Meniti Jejak Bencana, Menyibak Stigma yang Meraja
Oleh: Yesi Sopariah
Desa Bojong
Hari kedua pelaksanaan KKL, kami berangkat dari Kasepuhan Adat menuju Desa Cicadas. Kami melakukan survey dan penelitian baik sosial maupun fisik di salah satu desa yang ada disana, yakni desa Bojong. Desa ini letaknya jauh dari jalan raya. Aksesnya terbilang sulit lantaran harus melewati jalan rusak yang sangat curam. Dibutuhkan waktu sekitar setengah jam untuk sampai kesana jika menggunakan mobil dolak. Perjalanan terasa mendebarkan, karena disuguhi oleh pemandangan jurang yang mengerikan dari sisi kanan dan kiri jalan.
Desa Bojong ini kabarnya memang berpotensi terjadi bencana longsor.
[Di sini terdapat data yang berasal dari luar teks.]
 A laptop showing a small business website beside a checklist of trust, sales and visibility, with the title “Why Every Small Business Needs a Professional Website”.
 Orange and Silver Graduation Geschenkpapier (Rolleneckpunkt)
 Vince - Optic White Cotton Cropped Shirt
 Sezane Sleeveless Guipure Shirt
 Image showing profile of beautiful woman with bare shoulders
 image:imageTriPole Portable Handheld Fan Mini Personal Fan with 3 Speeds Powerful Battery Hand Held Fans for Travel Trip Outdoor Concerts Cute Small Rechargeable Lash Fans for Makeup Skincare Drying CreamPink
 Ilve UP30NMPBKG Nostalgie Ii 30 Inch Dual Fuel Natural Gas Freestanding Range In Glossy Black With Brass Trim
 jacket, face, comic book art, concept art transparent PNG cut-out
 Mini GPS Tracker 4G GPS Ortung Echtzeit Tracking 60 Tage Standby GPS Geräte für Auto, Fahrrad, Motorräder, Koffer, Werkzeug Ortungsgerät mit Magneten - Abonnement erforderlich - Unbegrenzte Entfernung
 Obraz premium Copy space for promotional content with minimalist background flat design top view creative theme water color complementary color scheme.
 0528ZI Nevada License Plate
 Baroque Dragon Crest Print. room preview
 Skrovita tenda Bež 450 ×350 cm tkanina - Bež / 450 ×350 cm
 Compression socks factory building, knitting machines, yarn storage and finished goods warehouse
Karenanya, Badan Penanggulangan Bencana Daerah sudah melakukan evakuasi sebelum bencana terjadi. Sebagian besar rumah sudah kosong, karena sebagian warga sudah mengungsi dan mendirikan rumah baru di tempat lain. Tampak beberapa warga masih beraktivitas meskipun sudah mendapat peringatan. Pengamatan kami dimulai dengan instrumen kajian fisik, seperti struktur tanah, morfologi lahan, jenis batuan dan intensitas curah hujan. Dua hari sebelum kami datang kesini, kabarnya sudah terjadi gerakan massa yang mengakibatkan beberapa bangunan retak dan sebagian malah sudah ambruk. Ironisnya, meskipun secara fisik desa ini rentan akan bencana longsor, masih ada saja warga yang tetap memilih tinggal lantaran faktor keterbatasan secara materi.
Desa Cimapag
Hari ketiga pelaksanaan KKL tahap 1 Mahasiswa Pendidikan Geografi angkatan 2018 dilaksanakan di Desa Cimapag. Desa yang merupakan lokasi tempat terjadinya longsor pada 2018 ini, memiliki aksesbilitas yang cukup sulit. Sekitar lima kilometer kami berjalan menuju Desa Cimapag. Aspek fisik yang kami pelajari, adalah faktor penyebab terjadinya longsor di desa ini. Temuan yang kami dapat, yakni ketidaksesuaian antara penggunaan lahan dengan morfologi lahan yang memang menjadi faktor utama. Desa Cimapag seharusnya tidak dijadikan sebagai pemukiman ataupun pesawahan karena struktur tanah dan batuan yang tidak memungkinkan untuk dijadikan pondasi bangunan.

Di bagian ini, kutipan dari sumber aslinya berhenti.